3. A framework for faecal-oral transmission of SARS-CoV-2
Based on the environmental routes of excreted diseases, and the state-of-knowledge of SARS-CoV-2 persistence and infectiousness, Fig. 1 shows a proposed framework for the faecal-oral hypothesis, unpacking the possible environmental routes from faeces to mouth. This framework should not be seen as a confirmation of this hypothesis but rather as an expanded view of its complexities, which could help shaping an agenda for research into a number of unanswered questions. From faeces, there are three primary routes for the virus: to water, to surfaces or to places where insect vectors are present. From these environments, through different pathways, viruses may reach the mouth and infect both the intestinal and the respiratory tracts of a suceptible host. The four aforementioned environmental categories of water- and excreta-related diseases (WATER1, WATER2, SANITATION1 and SANITATION6) play a role in this framework. Additionally, a fifth category emerges: a “water-cleaning” category, in which contaminated water used to clean surfaces may, via hand contact, bring the virus to the mouth. Validation of this framework will require significant research efforts to better understand SARS-CoV-2 persistence and infectivity in stools, sewage, and untreated water; the role of vectors in transporting the virus, and the appropriate investigation of the “water-cleaning” route.
4. Conclusions
Due to the current lack of evidence on the relevance of the faecal-oral transmission of SARS-Cov-2, this paper raises the need for more in-depth research to ascertain the actual role of water and sanitation interventions in preventing this route of transmission. If the faecal–oral hypothesis is confirmed, interventions related to the provision of safe water and adequate sanitation should be immediately added to the current strategies for COVID 19 pandemic control, on top of the already recognised key role of water for hand washing.
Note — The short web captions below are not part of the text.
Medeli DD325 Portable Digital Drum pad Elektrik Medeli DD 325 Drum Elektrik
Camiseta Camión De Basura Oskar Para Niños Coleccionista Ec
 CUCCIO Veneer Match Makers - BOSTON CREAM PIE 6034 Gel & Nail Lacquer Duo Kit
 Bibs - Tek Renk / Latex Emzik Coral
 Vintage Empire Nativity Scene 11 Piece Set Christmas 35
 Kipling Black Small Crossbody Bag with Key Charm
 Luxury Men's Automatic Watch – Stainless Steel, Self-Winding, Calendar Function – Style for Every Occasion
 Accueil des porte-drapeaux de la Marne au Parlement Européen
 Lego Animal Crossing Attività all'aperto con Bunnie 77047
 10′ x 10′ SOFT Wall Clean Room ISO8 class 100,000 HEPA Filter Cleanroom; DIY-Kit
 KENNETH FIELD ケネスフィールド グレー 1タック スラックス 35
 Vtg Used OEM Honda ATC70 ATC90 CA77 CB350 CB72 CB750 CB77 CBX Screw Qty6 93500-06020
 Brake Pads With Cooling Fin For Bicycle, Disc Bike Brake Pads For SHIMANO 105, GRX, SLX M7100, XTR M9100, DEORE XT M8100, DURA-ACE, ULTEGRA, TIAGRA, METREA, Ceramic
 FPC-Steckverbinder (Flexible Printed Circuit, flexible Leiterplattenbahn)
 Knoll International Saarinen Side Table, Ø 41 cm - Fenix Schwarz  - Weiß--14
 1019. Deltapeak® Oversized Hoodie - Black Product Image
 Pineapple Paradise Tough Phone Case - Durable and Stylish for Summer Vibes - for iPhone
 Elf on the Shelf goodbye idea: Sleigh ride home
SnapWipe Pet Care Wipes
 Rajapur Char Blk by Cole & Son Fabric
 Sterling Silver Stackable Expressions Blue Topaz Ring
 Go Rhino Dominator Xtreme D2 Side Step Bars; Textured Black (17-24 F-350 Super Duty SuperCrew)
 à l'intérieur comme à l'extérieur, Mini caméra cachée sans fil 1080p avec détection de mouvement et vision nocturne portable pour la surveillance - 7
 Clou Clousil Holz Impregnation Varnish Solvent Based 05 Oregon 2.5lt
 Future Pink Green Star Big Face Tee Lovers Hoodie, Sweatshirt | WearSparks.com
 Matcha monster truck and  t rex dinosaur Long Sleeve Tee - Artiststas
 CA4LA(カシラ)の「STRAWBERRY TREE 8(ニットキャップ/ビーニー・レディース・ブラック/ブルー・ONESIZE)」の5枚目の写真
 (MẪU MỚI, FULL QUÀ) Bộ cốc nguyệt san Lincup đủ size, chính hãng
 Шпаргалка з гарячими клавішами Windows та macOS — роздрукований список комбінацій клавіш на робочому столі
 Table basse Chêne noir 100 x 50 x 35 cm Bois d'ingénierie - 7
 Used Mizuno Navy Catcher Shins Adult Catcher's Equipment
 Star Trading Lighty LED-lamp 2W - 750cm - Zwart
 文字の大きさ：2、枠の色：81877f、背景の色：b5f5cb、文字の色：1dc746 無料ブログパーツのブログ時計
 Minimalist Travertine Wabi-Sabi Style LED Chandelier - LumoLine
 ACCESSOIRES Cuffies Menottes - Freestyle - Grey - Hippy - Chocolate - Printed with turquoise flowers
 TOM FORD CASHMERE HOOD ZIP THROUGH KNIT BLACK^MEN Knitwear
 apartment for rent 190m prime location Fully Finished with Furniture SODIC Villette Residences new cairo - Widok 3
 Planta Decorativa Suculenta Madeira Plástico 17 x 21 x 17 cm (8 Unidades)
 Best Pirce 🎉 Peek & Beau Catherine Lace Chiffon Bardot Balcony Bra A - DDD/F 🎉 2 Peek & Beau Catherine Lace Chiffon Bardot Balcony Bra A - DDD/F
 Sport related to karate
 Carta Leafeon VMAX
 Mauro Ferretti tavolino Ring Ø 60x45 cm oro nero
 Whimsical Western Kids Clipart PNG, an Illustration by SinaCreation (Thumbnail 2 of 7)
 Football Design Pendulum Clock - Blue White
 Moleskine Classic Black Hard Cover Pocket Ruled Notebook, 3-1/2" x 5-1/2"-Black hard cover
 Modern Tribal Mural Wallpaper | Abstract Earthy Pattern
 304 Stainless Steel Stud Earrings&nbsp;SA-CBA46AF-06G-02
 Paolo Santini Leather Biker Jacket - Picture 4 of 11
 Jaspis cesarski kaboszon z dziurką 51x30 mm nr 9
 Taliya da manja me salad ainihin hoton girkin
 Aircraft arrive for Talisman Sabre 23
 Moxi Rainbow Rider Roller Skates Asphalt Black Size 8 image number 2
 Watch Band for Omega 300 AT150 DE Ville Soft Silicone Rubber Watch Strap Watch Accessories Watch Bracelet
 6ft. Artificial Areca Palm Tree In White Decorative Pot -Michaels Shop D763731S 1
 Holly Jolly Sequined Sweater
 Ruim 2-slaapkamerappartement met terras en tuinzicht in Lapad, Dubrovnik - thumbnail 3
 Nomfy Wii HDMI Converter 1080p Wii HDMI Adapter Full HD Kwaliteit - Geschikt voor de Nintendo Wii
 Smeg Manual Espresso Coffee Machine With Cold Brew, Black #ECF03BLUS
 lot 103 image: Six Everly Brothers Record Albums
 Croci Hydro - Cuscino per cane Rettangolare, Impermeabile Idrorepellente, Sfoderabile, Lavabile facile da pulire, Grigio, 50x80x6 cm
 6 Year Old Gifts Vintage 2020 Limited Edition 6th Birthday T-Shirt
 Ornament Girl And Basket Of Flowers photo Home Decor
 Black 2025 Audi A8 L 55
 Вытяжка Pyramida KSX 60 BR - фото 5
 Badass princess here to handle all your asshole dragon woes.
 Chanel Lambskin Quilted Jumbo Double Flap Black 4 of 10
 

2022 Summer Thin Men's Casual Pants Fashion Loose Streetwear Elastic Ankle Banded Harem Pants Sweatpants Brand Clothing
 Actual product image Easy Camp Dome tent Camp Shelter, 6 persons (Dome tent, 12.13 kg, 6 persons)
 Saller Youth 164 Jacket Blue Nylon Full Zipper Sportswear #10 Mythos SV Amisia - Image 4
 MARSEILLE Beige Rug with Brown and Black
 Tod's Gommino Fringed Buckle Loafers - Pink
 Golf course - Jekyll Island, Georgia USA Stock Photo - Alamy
Yet, considering that worldwide 2.2 billion people lack access to safely managed drinking water and 4.2 billion to safely managed sanitation, the possible containment of the COVID-19 through the access to these services is per se a justification to establish immediate measures to mitigate the exposure of people living in the most vulnerable situations to faecal-oral diseases. This at the same time will respond to the call of the 2030 Agenda and reinforce the urgent need for realising the human rights to safe drinking water and sanitation.
Declaration of competing interest
The authors declare that they have no known competing financial interests or personal relationships that could have appeared to influence the work reported in this paper.
Acknowledgements
The authors acknowledge the Instituto Nacional de Ciência e Tecnologia em Estações Sustentáveis de Tratamento de Esgoto – INCT ETEs Sustentáveis (INCT Sustainable Sewage Treatment Plants) and the Oswaldo Cruz Foundation for creating a stimulating environment for the discussion of the topic.